Spain shook the yoke of the French occupation, but I think the trigger for this period of his artistic work was the civil war of 1809-1814, where brother fought against brother, like in his famous painting where two giants are seen fighting bitterly with staffs over the Spanish countryside. The exposition includes many of his sketches, and I have to say it has impressed me profoundly. Other paintings of note are “El Gigante”, where the profile of a giant moves away from a field where people are running in abject panic, and “El Perro”, where in a very “modern” type of composition the head of a dog seems to emerge from the sand into a brownish world.
A second special exhibition, called “Portraits from the Renaissance”, is another interesting reshuffling of some of the collection to contrast the different styles of portraits. You have all seen such portraits, where a person stands posing with a hound by his side, or with a handmaid by her side. They were the photographs of the time, and I for one barely give them a second glance. But in the renaissance the emphasis was not only on capturing the likeness of the person, but also on representing his or her character, either through the carefully chosen pose or expression, or through the symbolism of the things or people that surrounded them. Seeing on that light, and no doubt by judicious selection of the portraits presented, you actually can see in the portraits a living image of the society in which these people lived. I liked in particular the portraits (or in the case of the photo the sculpture) of couples of friends, which in many instances had the candor of a snapshot.

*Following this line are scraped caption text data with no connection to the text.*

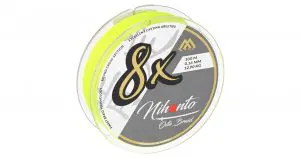 Mikado Nihonto Octa Braid 150M Fluo Gelb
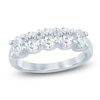 Thumbnail Image 1 of Oval-Cut Lab-Grown Diamond Five-Stone Anniversary Ring 1-1/2 ct tw 14K White Gold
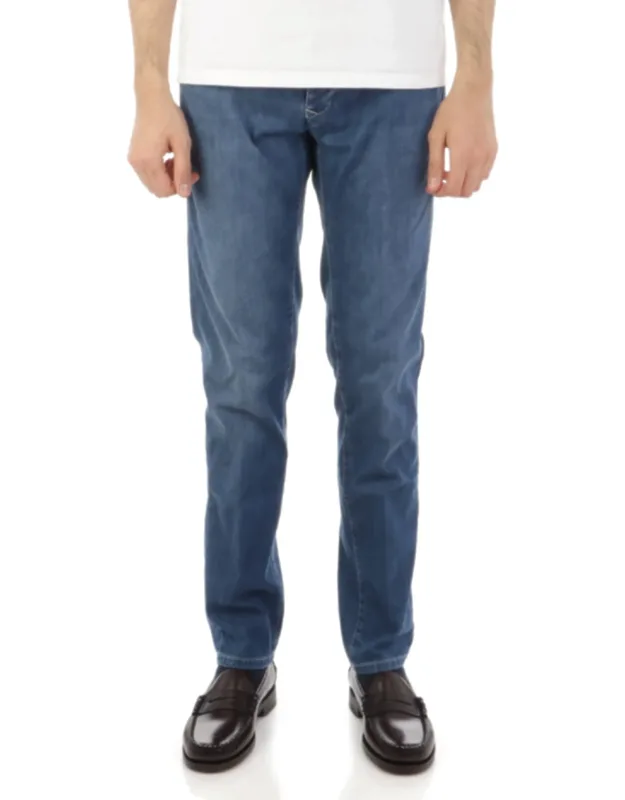 Straight-leg Textured Jeans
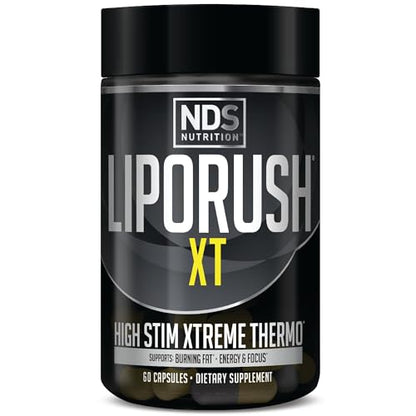 LIPORUSH NDS Nutrition XT - Super Concentrated Thermogenic with L-Carnitine & Teacrine 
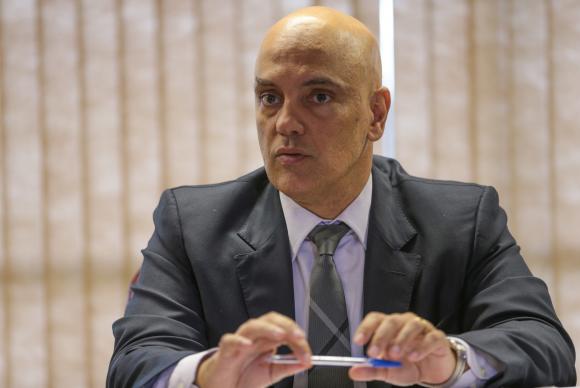 Alexandre de Moraes em Santos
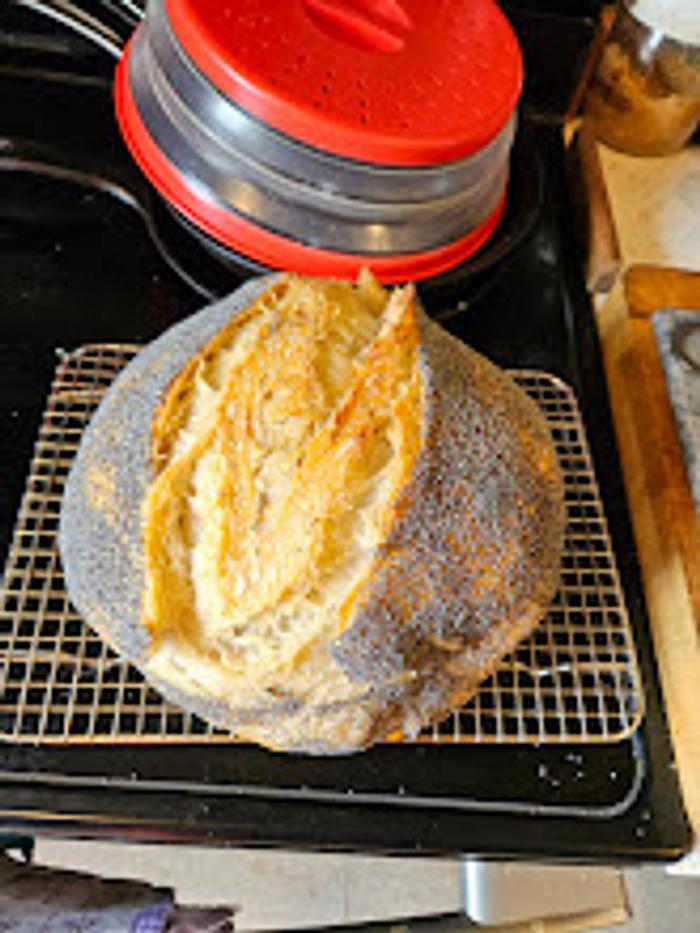 Loaf of Bread + Butter Knives.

Finally comes the permanent collection, which is enormous and defies description. You simply have to be there and let yourself be permeated by the work of so many artists. My all time favorites was El Greco. El Greco painted mostly sacred themes, with his “Trinidad” and “La Adoración de los Pastores” being particularly powerful, and in a style that is surprisingly modern. His most famous non-sacred work, “El Soplón”, is a very small painting but it haunts you with the expressions of the monkey, the blower, and the man huddled around the glowing ember.

Other paintings in front of which I stood for a long time include “La Anunciación” of Fra Angelico; “Cristo Muerto” of Antonello de Messina (this powerful picture shows the upper torso of the dead Christ resting on the arms of a very young angel, whose face is wrought in anguish);
“El Jardín de las Delicias” of El Bosco (a late 16th century triptic, which could have been painted by Salvador Dali, shows a garden of joyful sin that eventually leads to a nightmare hell);
and “Las Hilanderas” of Velázquez (a fabulous painting within a painting, based on the challenge that Aracne made to Athena, and which ended with the sad retaliation of the goddess that condemned Aracne to spin forever in the form of a spider).

I got back home exhausted but deeply impressed by my marathon visit to El Prado!